A resposta é, basicamente, aceitar que o erro faz parte da trajetória – ou melhor, que o erro é o caminho. E mais ainda: o melhor jeito de começar é, ao contrário do que se pensa, errando, afirma a jornalista e padeira Hanny Guimarães, que ficou conhecida pela padaria do Futuro Refeitório, em São Paulo. “O erro é acerto porque te ensina, e te faz aprender”, diz. Além disso, Hanny aconselha a ter em mente exatamente o que se quer, e qual pão deseja. De acordo com ela, “entender o que se busca e quais são as expectativas ajuda a guiar o caminho e equilibrar as expectativas”.

A dica da padeira é focar em uma única receita por algum tempo, trabalhar nela e, aos poucos, aprimorar a técnica de preparo. “Vale focar em uma única e evoluir com ela, torná-la sua, com os ajustes que funcionam para si.” Incentiva, ainda, a utilização dos sentidos como ferramenta essencial na hora de fazer o pão.


Vale focar em uma única e evoluir com ela, torná-la sua, com os ajustes que funcionam para si

Receitas

A lista de possibilidades é grande. Recorrer à busca online pode trazer diferentes caminhos e talvez alguma confusão mental: afinal, qual será a melhor?

Quem ama uma boa casca crocante, e procura uma receita menos trabalhosa, pode tentar fazer o pão italiano caseiro da Rita Lobo – um ótimo acompanhamento para sopas e caldos durante o inverno, por exemplo. Outro caminho é o no-knead bread, receita mais acessada do New York Times Cooking.

Para quem quer ousar um pouco mais e tentar entrar no mundo do levain, aqui há um passo a passo de como fazer o fermento natural do zero. A nutricionista e maga das PANCs (plantas alimentícias não-convencionais) Neide Rigo também compartilha da sua mágica, ensinando a fazer do fermento até o pão assado.

Para trazer variedade ao lanche da tarde, os pães de leite de Letícia Zandomenichi, padeira do restaurante Président, de Erick Jacquin, são uma ótima pedida.

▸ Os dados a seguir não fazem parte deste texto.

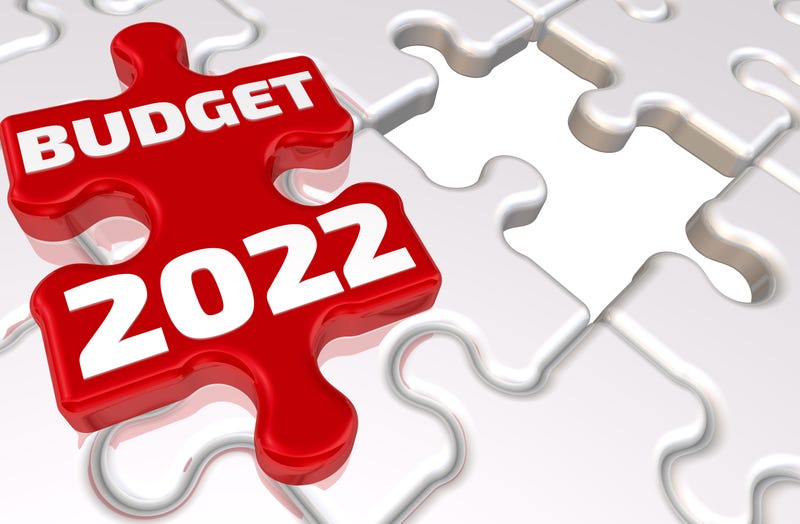 Folded white puzzles elements and one red with white text BUDGET 2022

Na quarentena, além de passatempo, o pão caseiro funciona a qualquer hora do dia, em qualquer refeição.


Onde comprar

A mania pode até ser a panificação, mas talvez a sua onda seja mais comer do que fazer. Se falta um pouco de coragem, ou tempo, ou mesmo vontade para por a mão na massa, essas padarias assam boas receitas para entrega ou retirada.

A Fabrique Pão e Café faz delivery todos os dias, e entrega em até 6 km de cada unidade que possui. A Toast também manteve as encomendas, enquanto a Assaz organizou o atendimento de segunda a sábado, no formato de fazer o pedido e retirá-lo na própria padaria, que fica na Vila Buarque, em São Paulo. O Futuro Refeitório continua com o trabalho de delivery por telefone ou WhatsApp, de terça a domingo, das 9h às 16h. A padaria Marie Marie Bakery, no bairro do Tatuapé, também mantém as entregas pelo site ou telefone, durante seu horário de funcionamento.

No Rio de Janeiro, a Slow Bakery aceita pedidos em um dia para serem entregues no outro. Em Porto Alegre, a Levain Club também faz entregas e funciona com retirada, e em Belo Horizonte, a Casa Bonomi oferece os mesmos serviços.